Below are some entries. Transcribe the lines from the one holding "A coord of Vampire" to the one holding "Property photo for", inclusive, but not the pictures among them.

(RECORDS SHOWN):

= = = =

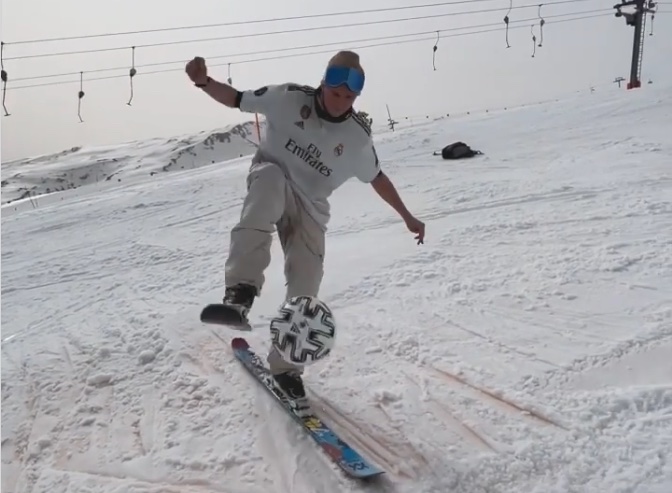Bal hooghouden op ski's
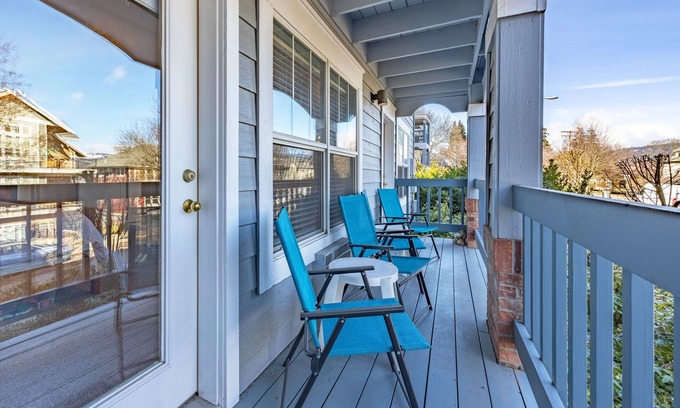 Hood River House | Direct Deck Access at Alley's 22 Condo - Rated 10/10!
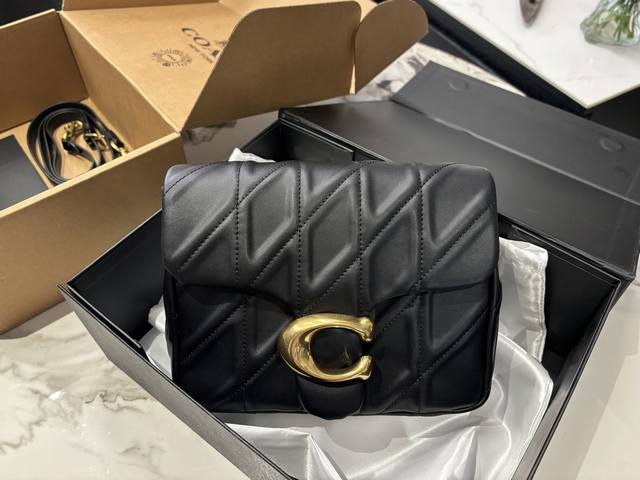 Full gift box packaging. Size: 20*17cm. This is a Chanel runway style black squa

= = = =

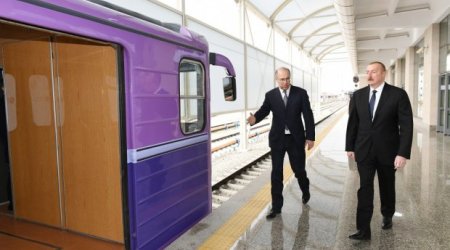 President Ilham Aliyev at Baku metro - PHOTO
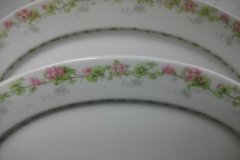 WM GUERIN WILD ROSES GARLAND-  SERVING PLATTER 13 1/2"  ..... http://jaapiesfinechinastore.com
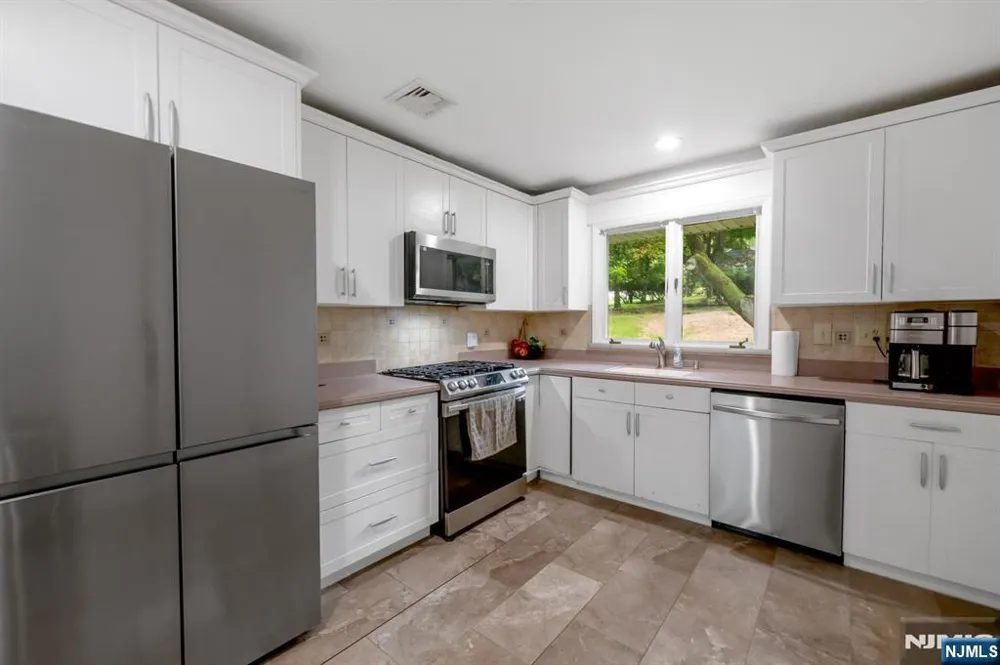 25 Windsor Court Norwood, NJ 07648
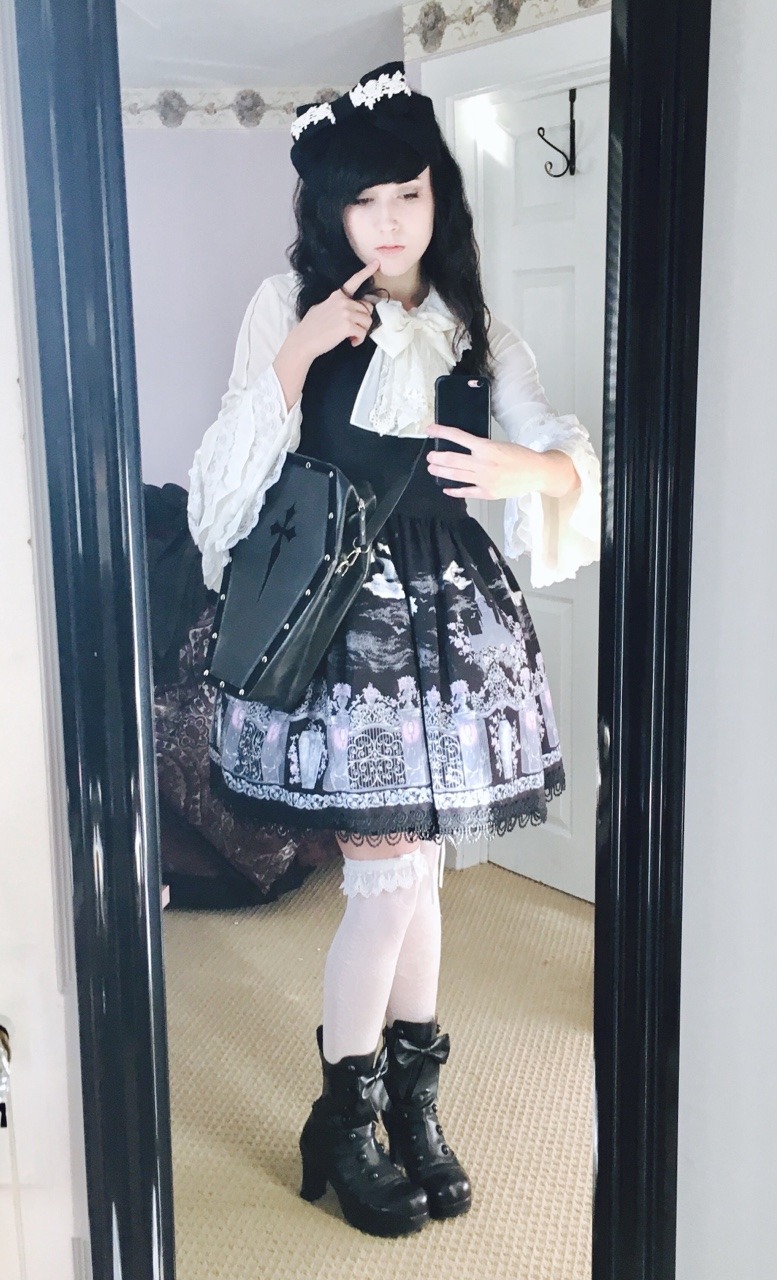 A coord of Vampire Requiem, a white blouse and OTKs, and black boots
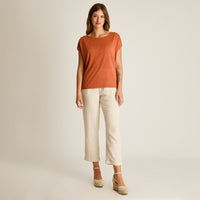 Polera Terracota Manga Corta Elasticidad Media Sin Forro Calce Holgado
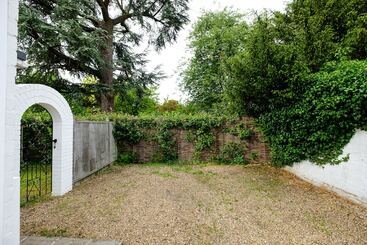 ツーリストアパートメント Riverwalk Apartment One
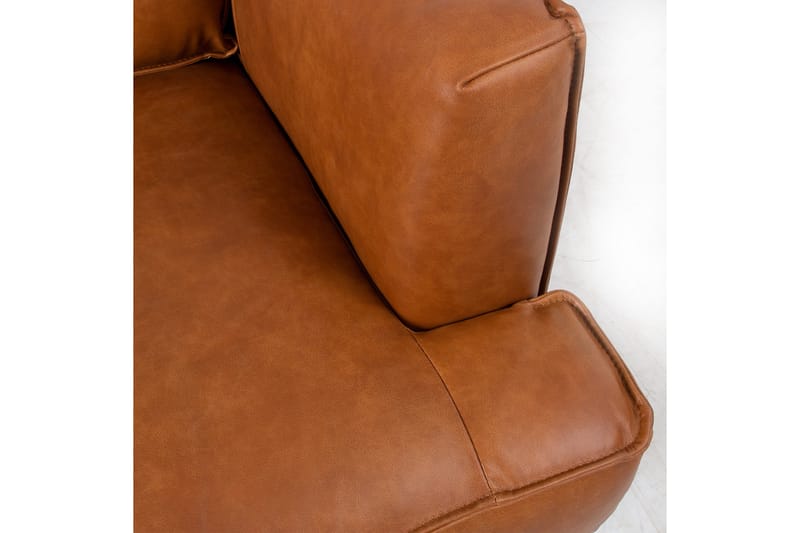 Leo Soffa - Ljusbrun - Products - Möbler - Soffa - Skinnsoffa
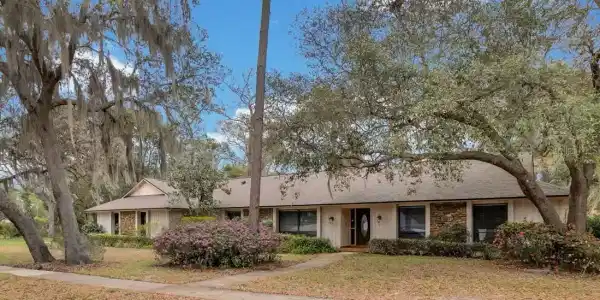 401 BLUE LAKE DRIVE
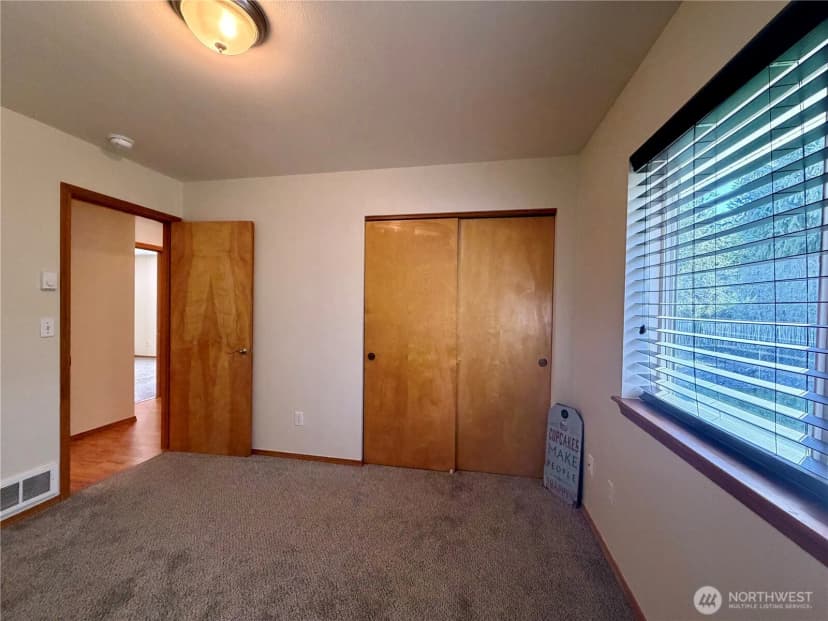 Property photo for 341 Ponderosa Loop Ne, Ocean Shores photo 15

= = = =

(SOLUTION):
 A coord of Vampire Requiem, a white blouse and OTKs, and black boots
 Polera Terracota Manga Corta Elasticidad Media Sin Forro Calce Holgado
 ツーリストアパートメント Riverwalk Apartment One
 Leo Soffa - Ljusbrun - Products - Möbler - Soffa - Skinnsoffa
 401 BLUE LAKE DRIVE
 Property photo for 341 Ponderosa Loop Ne, Ocean Shores photo 15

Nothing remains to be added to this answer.